Mathematical Problems in Engineering
Volume 2007 (2007), Article ID 65028, 23 pages
doi:10.1155/2007/65028
Research Article
Design of Optimal Hybrid Position/Force Controller for a Robot Manipulator Using Neural Networks
1Department of Mathematics, Chaudhary Devi Lal University, Sirsa, Haryana, India
2Department of Mathematics, Indian Institute of Technology, Roorkee 247667, Uttaranchal, India
Received 21 November 2004; Revised 25 April 2006; Accepted 21 November 2006
Academic Editor: Semyon M. Meerkov
Copyright © 2007 Vikas Panwar and N. Sukavanam.
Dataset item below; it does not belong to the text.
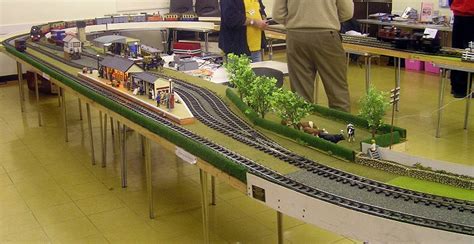 Try G Scale Garden Train Layouts Diy Rail Road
This is an open access article distributed under the Creative Commons Attribution License, which permits unrestricted use, distribution, and reproduction in any medium, provided the original work is properly cited.
Abstract
The application of quadratic optimization and sliding-mode approach is considered for hybrid position and force control of a robot manipulator. The dynamic model of the manipulator is transformed into a state-space model to contain two sets of state variables, where one describes the constrained motion and the other describes the unconstrained motion. The optimal feedback control law is derived solving matrix differential Riccati equation, which is obtained using Hamilton Jacobi Bellman optimization. The optimal feedback control law is shown to be globally exponentially stable using Lyapunov function approach. The dynamic model uncertainties are compensated with a feedforward neural network. The neural network requires no preliminary offline training and is trained with online weight tuning algorithms that guarantee small errors and bounded control signals. The application of the derived control law is demonstrated through simulation with a 4-DOF robot manipulator to track an elliptical planar constrained surface while applying the desired force on the surface.